I hate when mechanics play guessing games and start replacing things hoping they fixed it. Maybe in your case it is now corrected.

I do agree, there should be more gauges to measure engine temps etc. Maybe putting those gauges on the steering column with hose clamps like in the "old days" would work. :lol: :lol: :lol: Retro gauges with huge dials.:rofl: :rofl: :rofl: *


----------



## Mike_V (Mar 10, 2006)

I know, who was the brain donor that removed the oil and amp gauge from the damn car.
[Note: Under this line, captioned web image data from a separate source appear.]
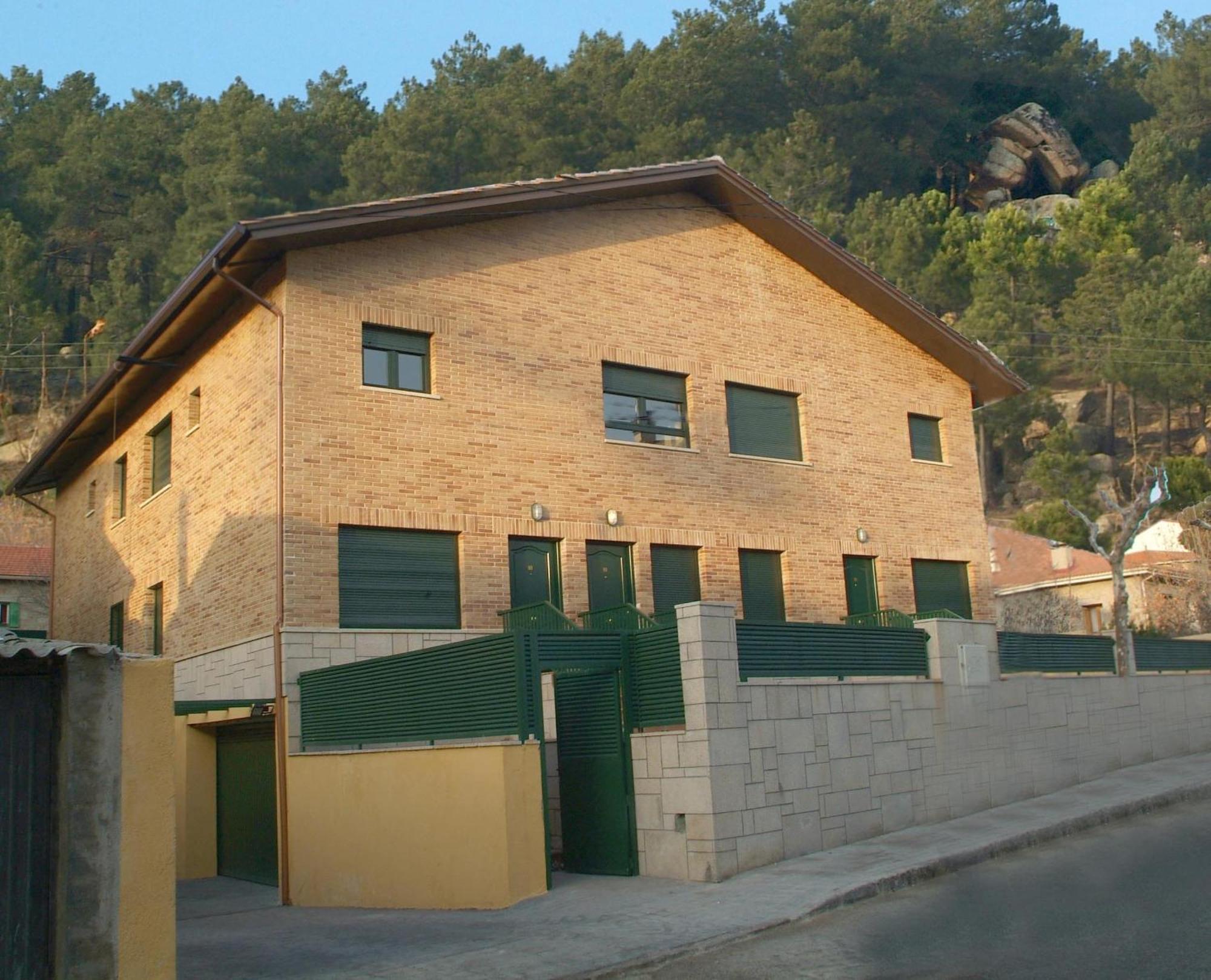Collado Mediano Apartahotel Rural Collarubio Luxury מראה חיצוני תמונה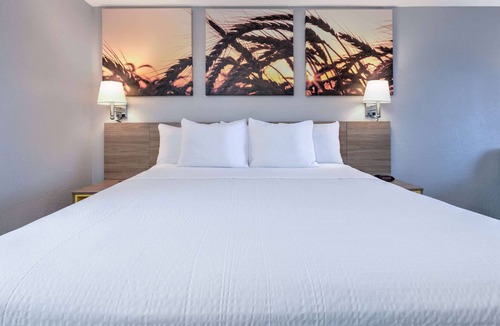 Greenville Hotel | Days Inn by Wyndham Greenville MS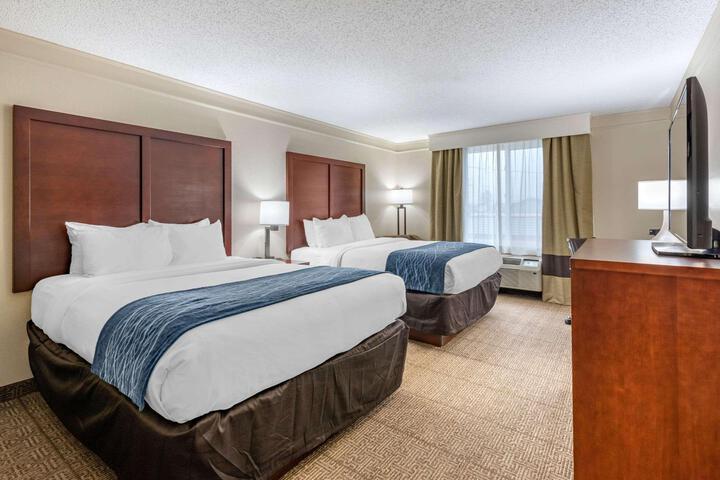2 Queen Beds Accessible (5 of 9)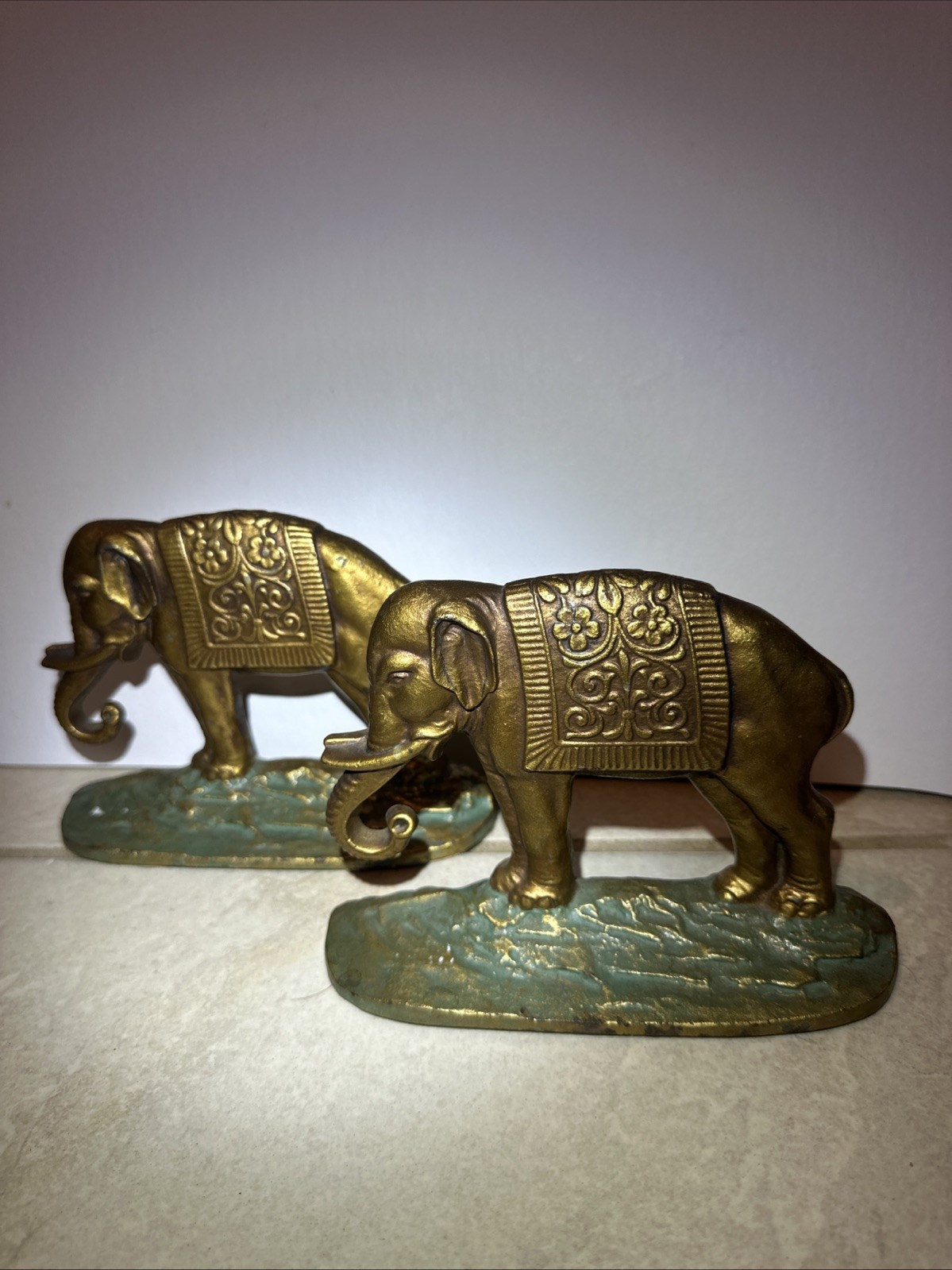 ANTIQUE A.M.GREENBLATT STUDIOS BOSTON 1927 CAST ELEPHANT BOOKENDS *RARE*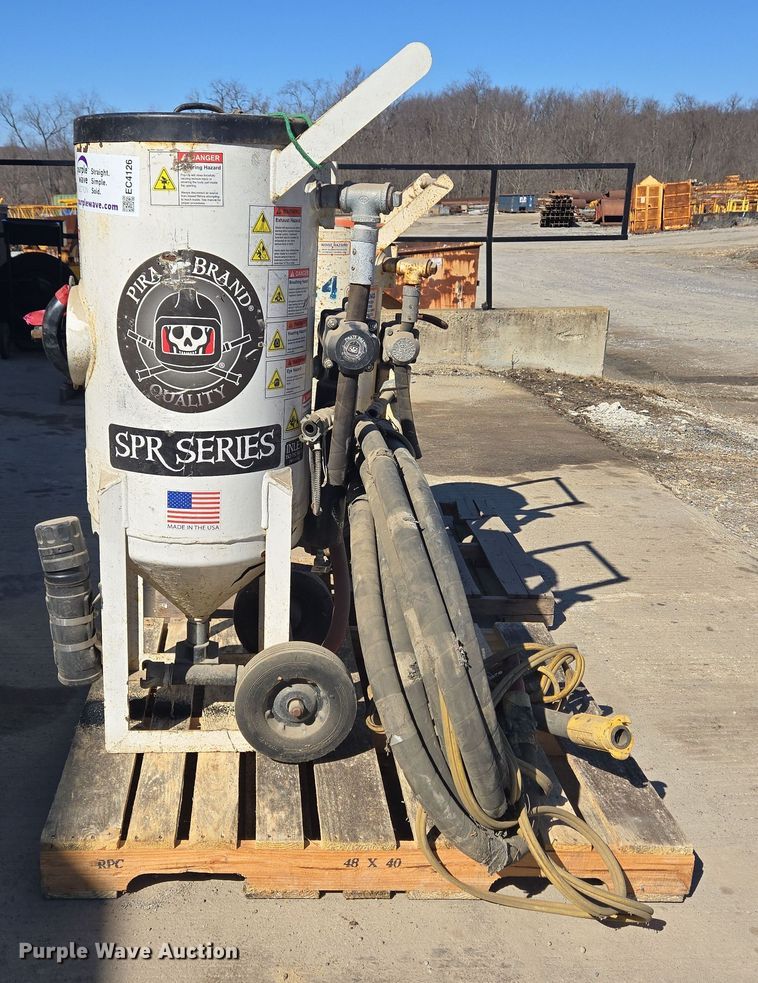 image for item EC4126 (2) sand blaster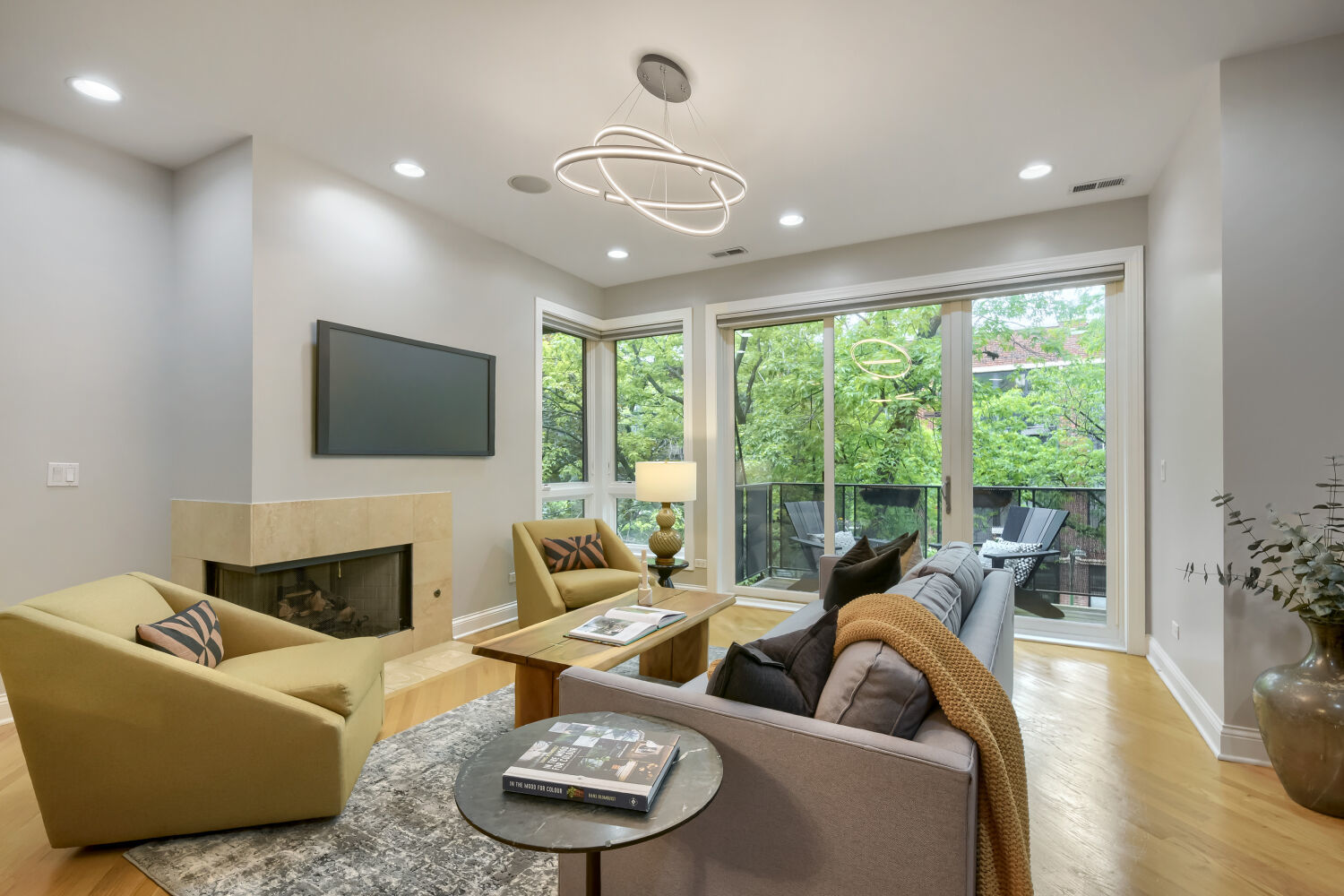 2251 W Wabansia Avenue 306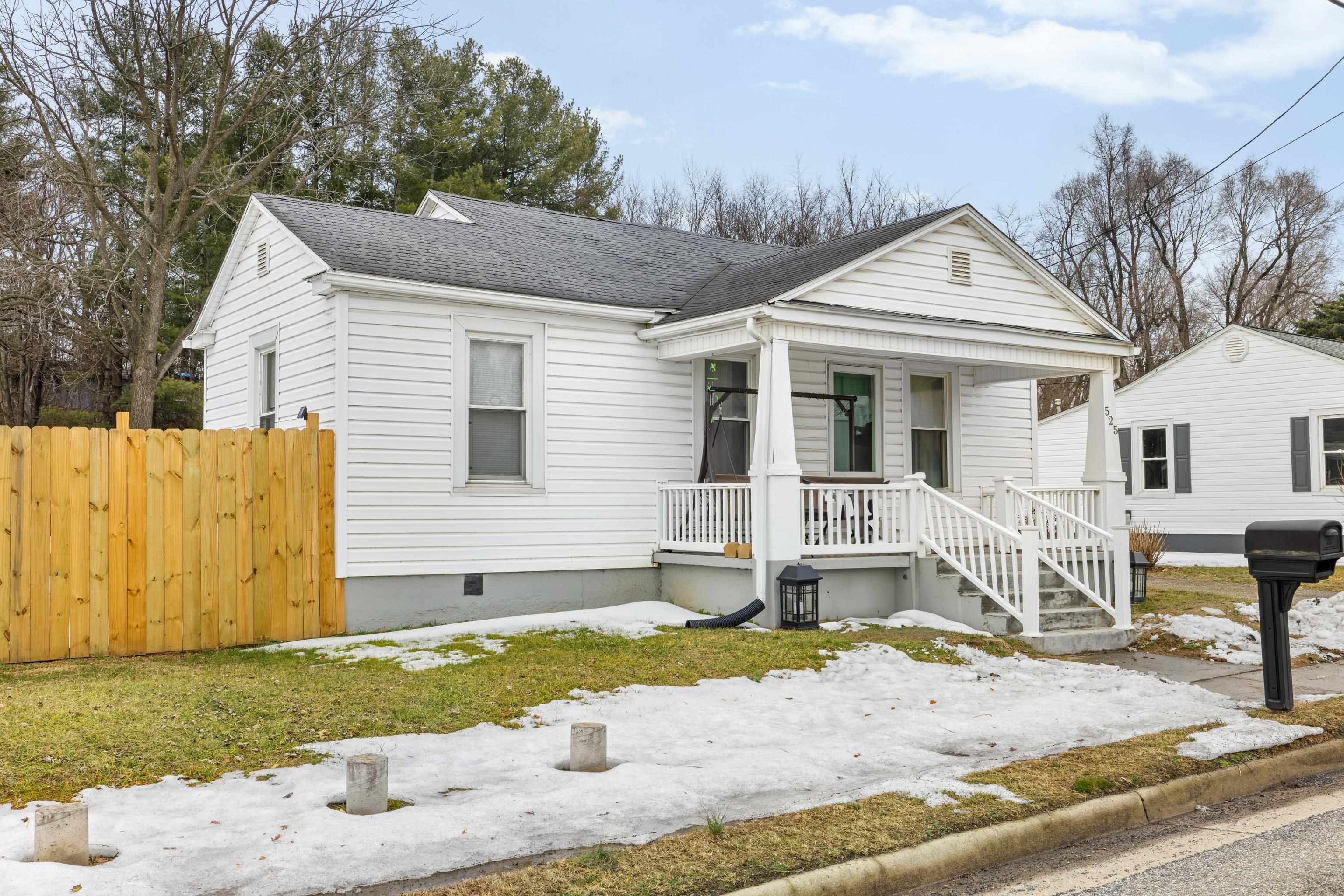 525 EAST SIDE HWY, WAYNESBORO, Virginia 22980, 2 Bedrooms Bedrooms, ,1 BathroomBathrooms,Residential,525 EAST SIDE HWY,673403 MLS # 673403 525 EAST SIDE HWY, WAYNESBORO, Virginia 22980, 2 Bedrooms Bedrooms, ,1 BathroomBathrooms,Residential,525 EAST SIDE HWY,673403 MLS # 673403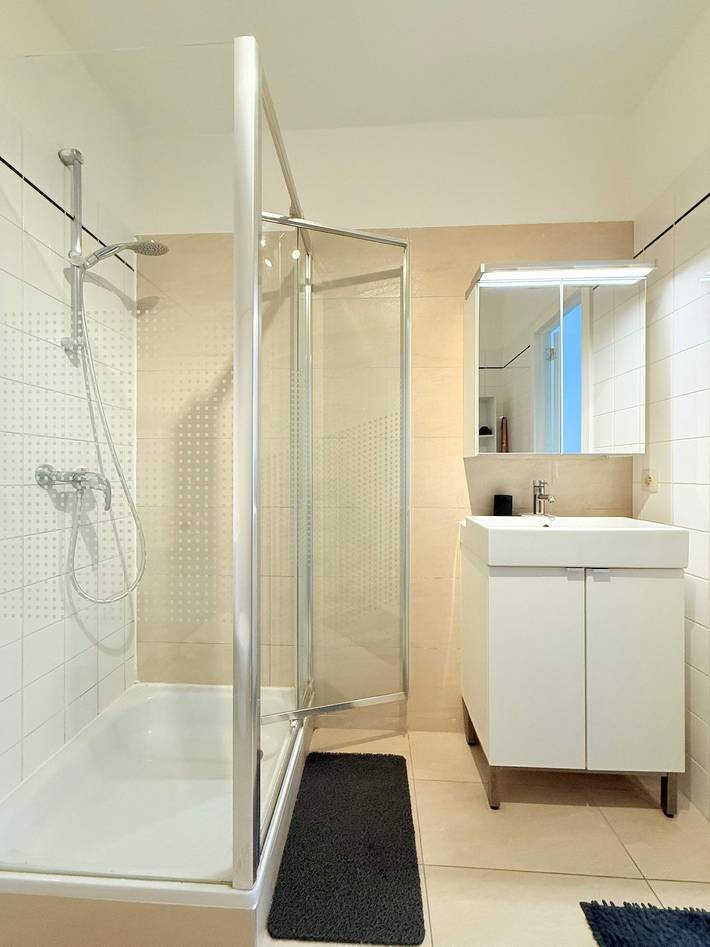 Appartement entier, Bright & Refined Apartment in the Heart of the Eu Quarter in Bruxelles, Flandre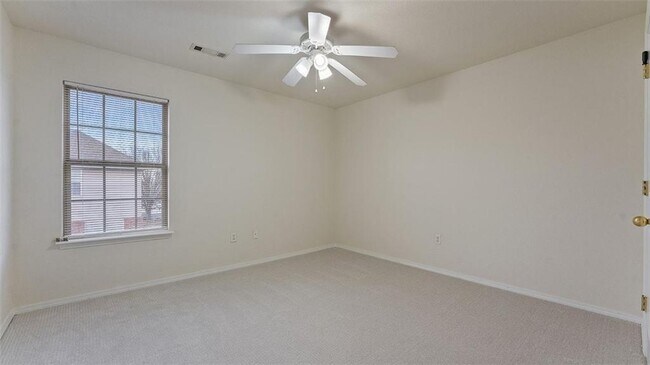 Building Photo - 3000 SW Windrift Ave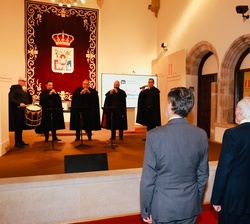 Don Felipe escucha el himno nacional interpretado por un cuarteto de dulzaina y tamboril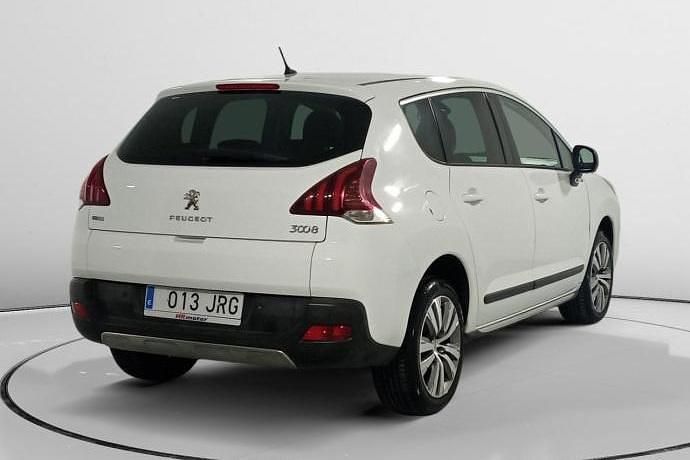 Usado Peugeot 3008 Style 131 CV (96 kW) 2016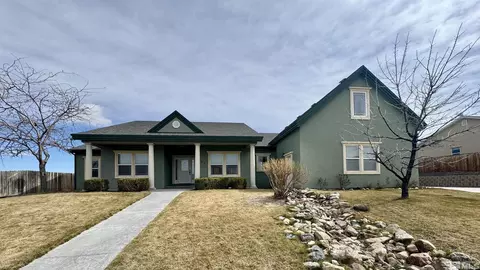 2963 Frontier St, Winnemucca, NV 89445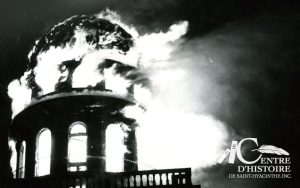 Incendie du Séminaire en 1963. Centre d'histoire de Saint-Hyacinthe, Fonds CH001 Séminaire de Saint-Hyacinthe.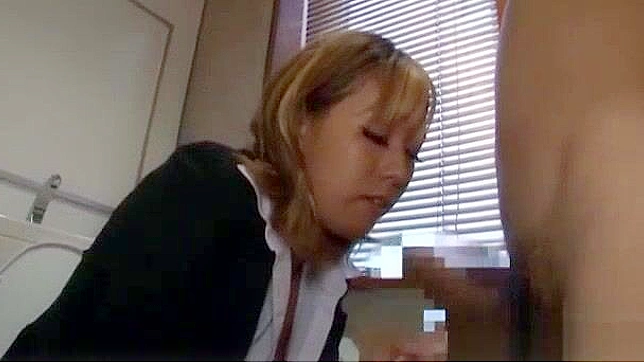 Nao's Naughty Office Blowjob and Swallow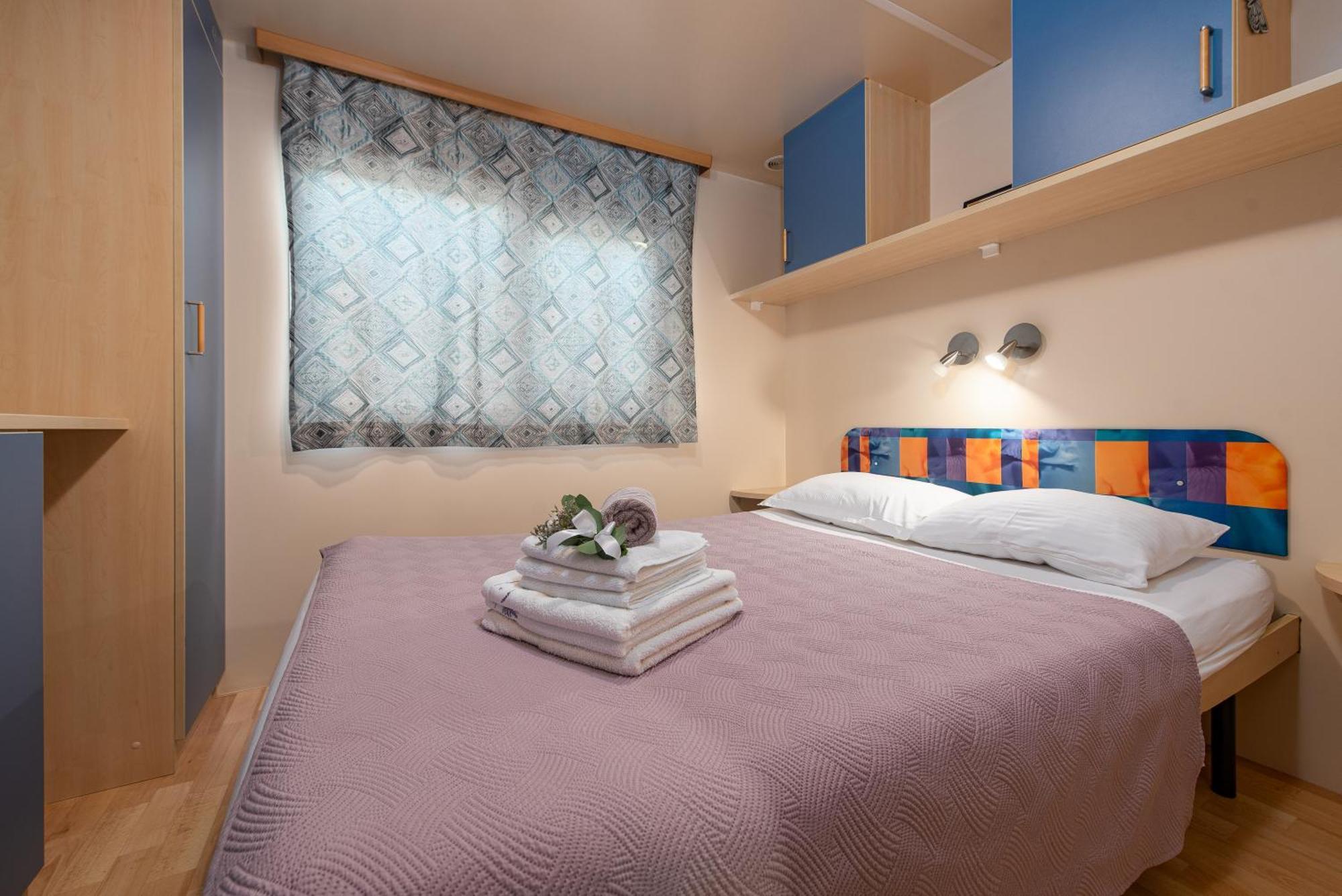 Camp Mrkva Mobile Homes With Pool Sukosan Luaran gambar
If you want the gauge, go to jhp.com.au. Very pricey for what you get, but everyone that has purchased them loves the fit and finish. I’m holding out for these http://www.pfyc.com/pc/GN2110/GPGAU/AeroForce+Tech+Interceptor+Scan+Gauges.html for the 05/06, but if they’re not out soon I’ll be getting the JHP oil and amp.


----------



## aintmisbehavinn (Feb 9, 2006)

:agree what idiots. Like the shift light that doesn't work. Only in America, the land of government intervention and special interest....


----------



## flyer469 (May 19, 2006)

Get this thing,,,i love it http://www.dashhawk.com/

gives you a read out of it and 1000 other things.


----------



## bergenfelter (Nov 11, 2005)

The JHP gages are awesome. Well made, the gage font matches our dash perfectly, and the fit and finish are perfect.

John.


----------



## GRR_RRR (Oct 19, 2006)

aintmisbehavinn said:


> :agree what idiots. Like the shift light that doesn't work. Only in America, the land of government intervention and special interest....


You need a light to tell you when to shift? THAT would just irritate the pi** out of me.


----------



## GTO JUDGE (May 14, 2005)

GRR_RRR said:


> You need a light to tell you when to shift? THAT would just irritate the pi** out of me.


:agree


----------